= Joseph White (tenor) =

American opera singer

Joseph M. White (October 14, 1891 – February 28, 1959) was an Irish-American tenor.

==Biography==
Joseph M(alachy) White was born in New York City as the grandson of an Irish emigrant born in Dublin in 1820. Joseph White displayed an early talent for singing and made his first recordings in 1915. His main voice teacher from about 1920 was E. Presson Miller, a well-known private teacher who lived and worked in the Carnegie Hall building, New York.
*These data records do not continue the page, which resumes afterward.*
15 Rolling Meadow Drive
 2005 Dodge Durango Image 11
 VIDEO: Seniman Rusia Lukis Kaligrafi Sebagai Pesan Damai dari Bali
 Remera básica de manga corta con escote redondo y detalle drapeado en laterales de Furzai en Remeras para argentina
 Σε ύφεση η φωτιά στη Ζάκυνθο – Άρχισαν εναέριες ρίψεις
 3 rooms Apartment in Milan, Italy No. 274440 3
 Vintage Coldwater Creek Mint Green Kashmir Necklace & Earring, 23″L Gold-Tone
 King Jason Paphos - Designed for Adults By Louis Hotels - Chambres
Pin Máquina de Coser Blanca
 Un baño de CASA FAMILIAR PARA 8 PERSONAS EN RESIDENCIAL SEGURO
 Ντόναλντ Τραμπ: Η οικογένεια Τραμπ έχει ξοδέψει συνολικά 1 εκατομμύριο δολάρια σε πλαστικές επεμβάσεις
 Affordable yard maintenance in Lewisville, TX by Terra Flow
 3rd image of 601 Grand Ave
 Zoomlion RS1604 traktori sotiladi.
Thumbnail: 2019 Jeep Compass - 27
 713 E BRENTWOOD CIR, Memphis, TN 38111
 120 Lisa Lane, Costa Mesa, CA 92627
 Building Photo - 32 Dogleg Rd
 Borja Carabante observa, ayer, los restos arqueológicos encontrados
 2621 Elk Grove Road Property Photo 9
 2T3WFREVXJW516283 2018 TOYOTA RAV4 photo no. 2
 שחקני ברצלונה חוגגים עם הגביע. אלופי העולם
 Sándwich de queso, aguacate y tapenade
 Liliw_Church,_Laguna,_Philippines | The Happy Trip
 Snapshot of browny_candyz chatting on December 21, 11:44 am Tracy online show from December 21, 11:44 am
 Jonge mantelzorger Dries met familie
From 1925, White took part in a radio show sponsored by the tire company B.F. Goodrich for its Silvertown cord tires, which featured a 'Goodrich Silvertown Orchestra' and an unnamed tenor wearing a silver mask across his eyes. Intended for advertising, the show drew a large number of listeners who were asked to guess his identity, which was not revealed until 1930. He then performed as "Joseph M. White, Radio's 'Silver-Masked Tenor'", making numerous recordings. His repertory largely consisted of well-known Irish songs from traditional sources and light contemporary ballads, and this regard resembled much of the recorded repertoire of John McCormack. In 1943, as White was preparing for a comeback on radio, he slipped on a wet floor and broke his left leg, which was then amputated.

White's son Robert "Bobby" White became a well-known tenor as well, often performing a similar repertoire as his father. Robert White was taught by his father to sing McCormack's repertoire. He died on February 28, 1959, age 67.